Parece-me que os diversos segmentos ligados a estas classes só podem atuar de uma maneira: tentar um contra-ataque, pelas razões expostas abaixo. Primeiro, salientando que o lulismo se apoiou nos efeitos propiciados pelas medidas de apoio a tais classes e no crescimento econômico para obter apoio popular, mas este processo, se talvez tenha freado o avanço da pauta neoliberal, também permitiu ao lulismo deixar de implementar a maior parte do ideário petista (forma de se acomodar às pressões burguesas) e prosseguir com políticas neoliberais de FHC.  Além do enfraquecimento da indústria (base maior do sindicalismo) e do avanço das práticas e das ideias neoliberais no campo social e político desde FHC, o enfraquecimento dos movimentos sindicais e sociais mais organizados também se deveu ao fato de o lulismo se apoiar nos segmentos mais pauperizados, ao mesmo tempo pouco organizados politicamente e afastados do ideário petista.
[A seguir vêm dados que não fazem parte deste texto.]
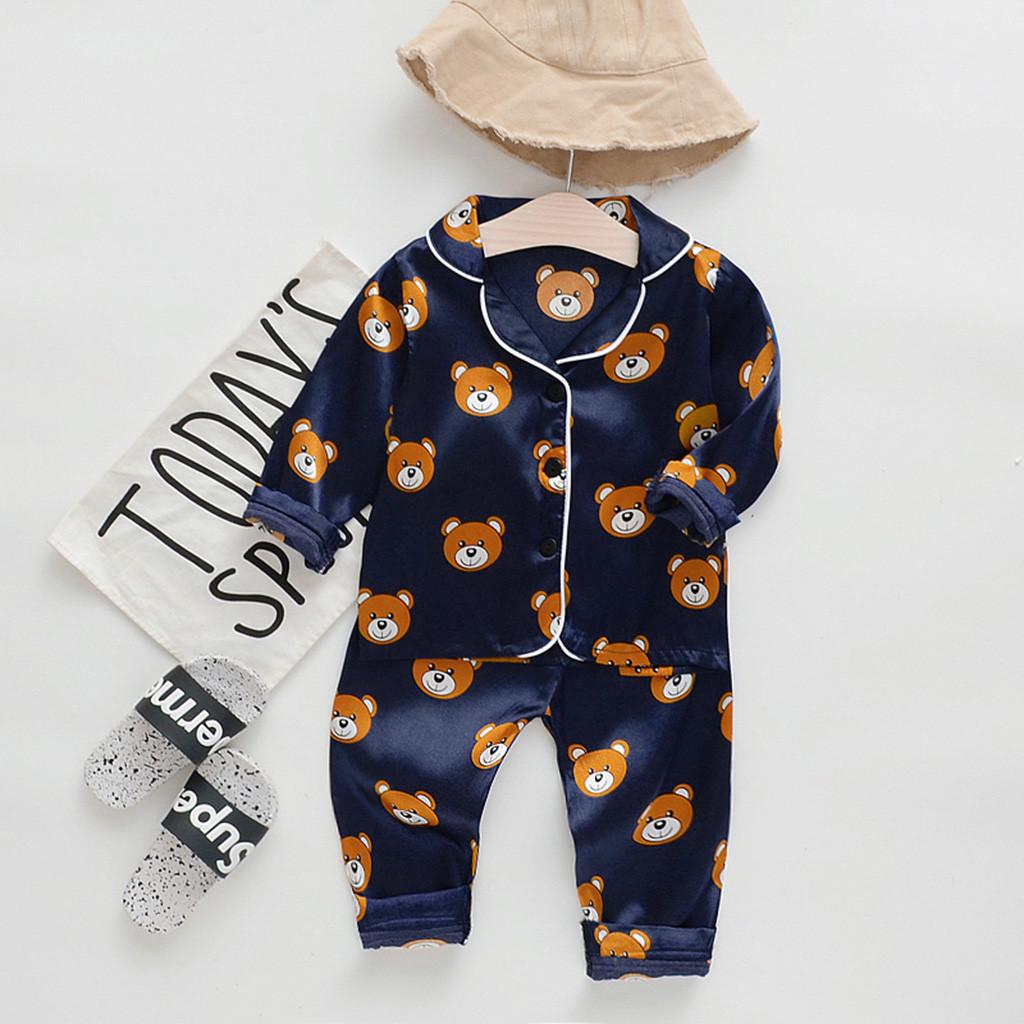 Toddler Baby Boys Long Sleeve Cartoon Bear Tops+Pants Pajamas Sleepwear Outfits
Somando isto ao fato de o lulismo atender em parte aos interesses dos trabalhadores (aumentando o salario mínimo e gastos sociais, além de haver maior crescimento da renda e do emprego) e de que boa parte das lideranças cultiva estreitas relações com a cúpula governamental, é possível entender como a grande maioria das entidades ligadas às classes populares não pressionou intensamente o governo para fazer avançar suas pautas, ao contrário da burguesia.

 

Tais entidades atuaram politicamente de modo pouco incisivo e/ou priorizaram tentativas de influenciar as ações do governo; é possível que estejam percebendo nesse momento que tais estratégias são insuficientes para fazer avançar suas pautas. Podem estar avaliando ter sido equivocado deixar de ter participação relevante nas jornadas de junho de 2013 e de buscar construir pautas conjuntas com as entidades mais críticas ao lulismo, mesmo mantendo divergências importantes com elas. É tarde para se aproximar desses grupos? Para lutar intensamente por suas pautas, mesmo que para isso tenham de criticar o governo? Este parece ser o contra-ataque possível; se continuar prevalecendo a defesa do governo, parece que a burguesia e os políticos vão nadar de braçada.

 

Carlos Alberto Bello é professor do curso de Ciências Sociais da Universidade Federal de São Paulo (Unifesp), Campus Guarulhos. Pesquisador do Cenedic (Centro de Estudos dos Direitos da Cidadania), da Faculdade de Filosofia, Letras e Ciências Humanas da Universidade de São Paulo (FFLCH/USP).